- _Try it_:
Using the listing below, copy exactly each line from the one that has "Brilliant Lady's White" through the one that has "- -- Las2orillas"; omit the pictures.

- _Extracted entries_:

╭──

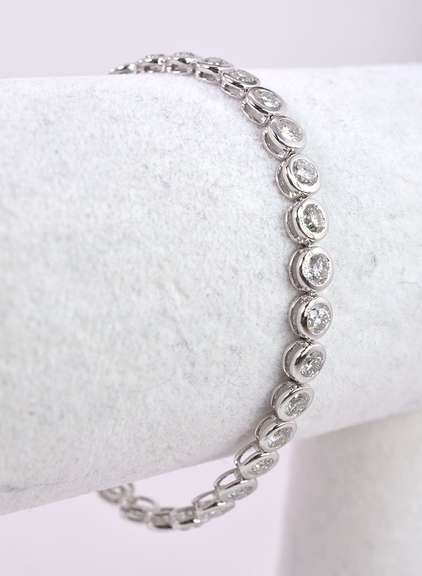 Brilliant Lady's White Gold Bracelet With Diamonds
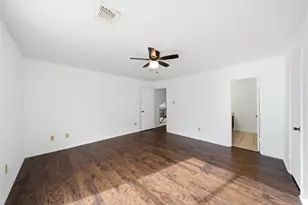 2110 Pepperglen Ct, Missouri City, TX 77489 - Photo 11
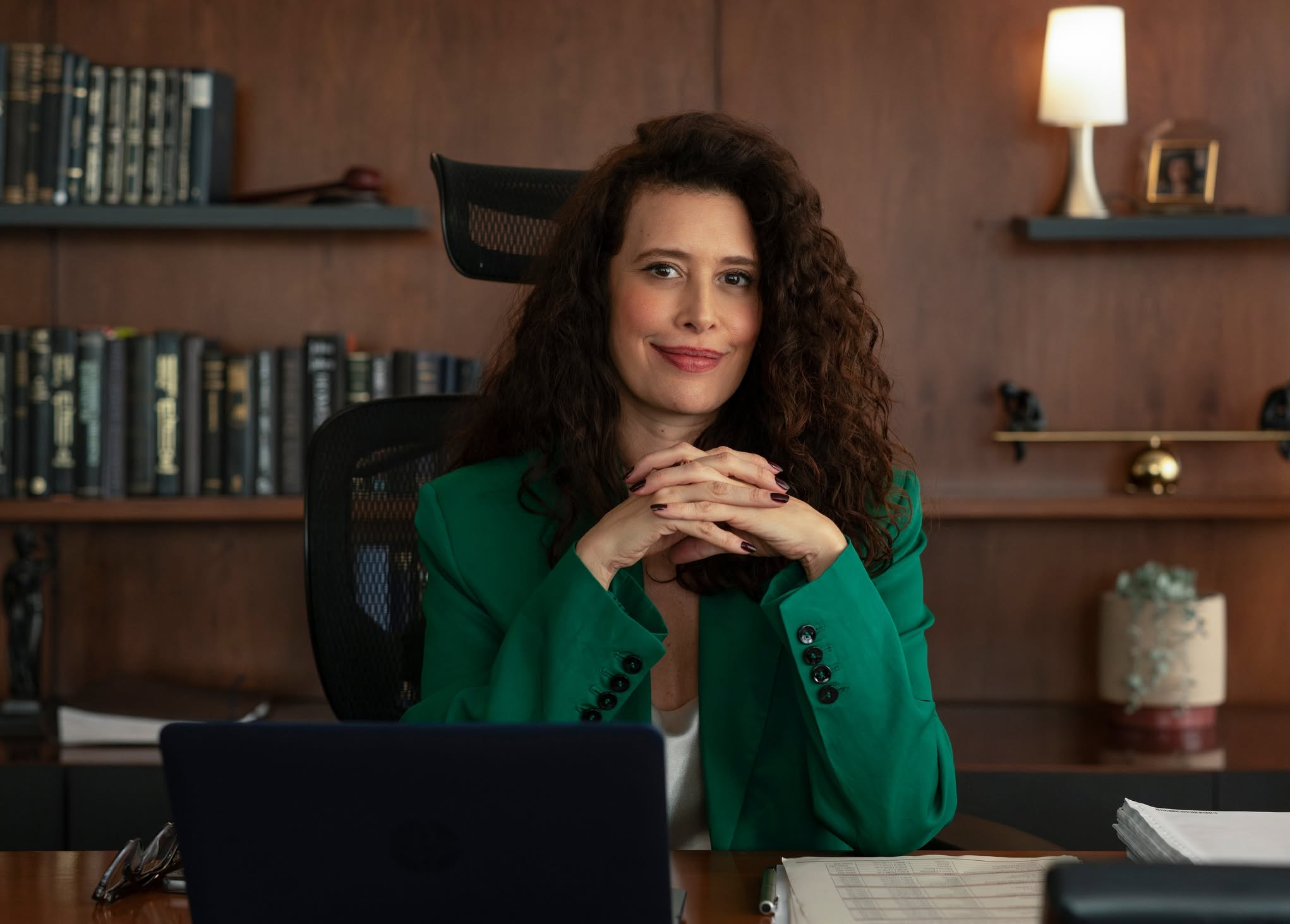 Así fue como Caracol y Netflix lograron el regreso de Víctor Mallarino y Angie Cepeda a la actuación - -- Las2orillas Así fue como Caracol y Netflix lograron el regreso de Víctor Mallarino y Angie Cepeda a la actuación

╰──
╭──

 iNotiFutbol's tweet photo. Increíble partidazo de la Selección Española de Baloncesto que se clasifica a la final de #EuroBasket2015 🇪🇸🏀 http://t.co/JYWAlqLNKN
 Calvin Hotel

╰──
╭──

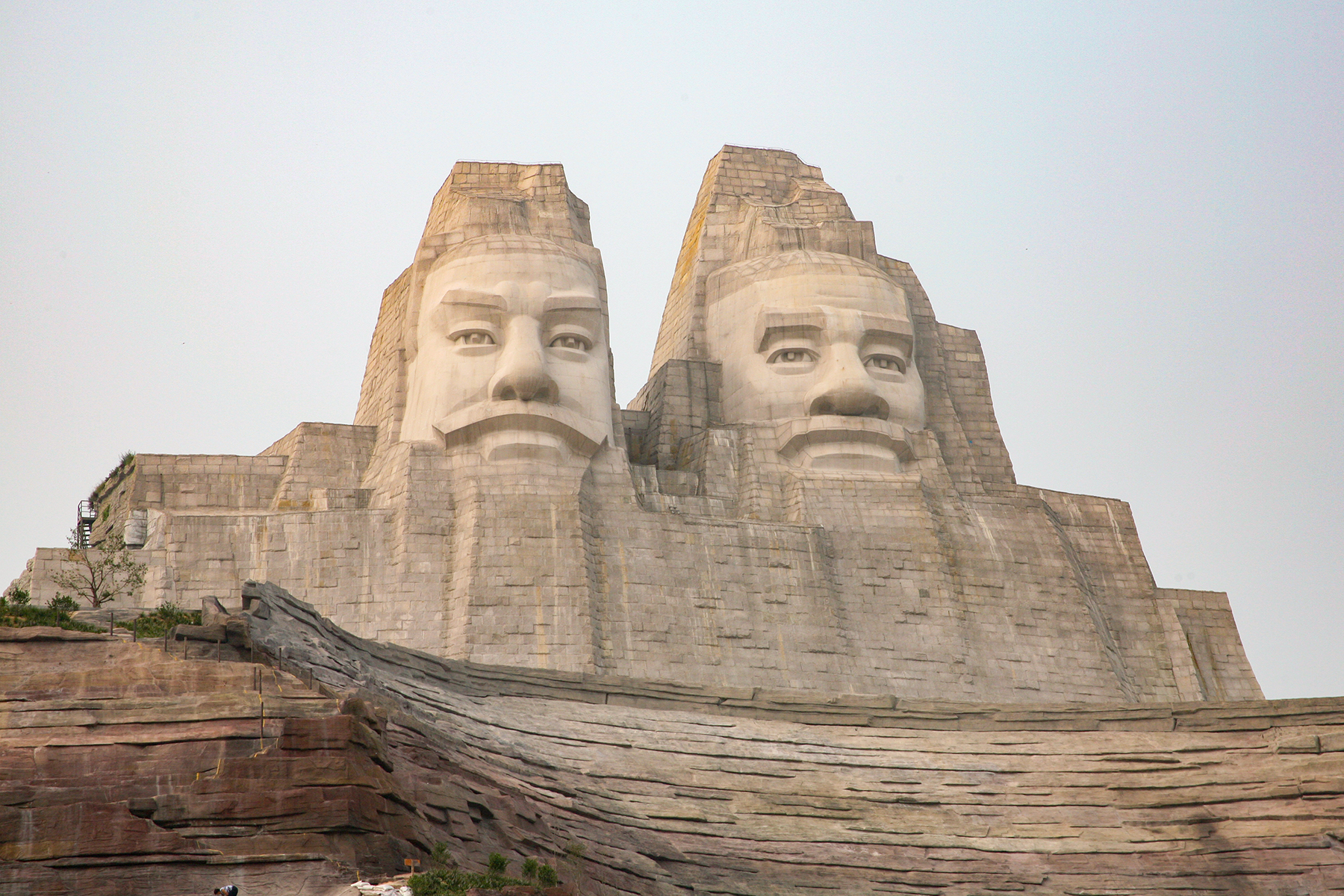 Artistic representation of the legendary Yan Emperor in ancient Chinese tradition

╰──

- _Answer area_:
 Brilliant Lady's White Gold Bracelet With Diamonds
 2110 Pepperglen Ct, Missouri City, TX 77489 - Photo 11
 Así fue como Caracol y Netflix lograron el regreso de Víctor Mallarino y Angie Cepeda a la actuación - -- Las2orillas Así fue como Caracol y Netflix lograron el regreso de Víctor Mallarino y Angie Cepeda a la actuación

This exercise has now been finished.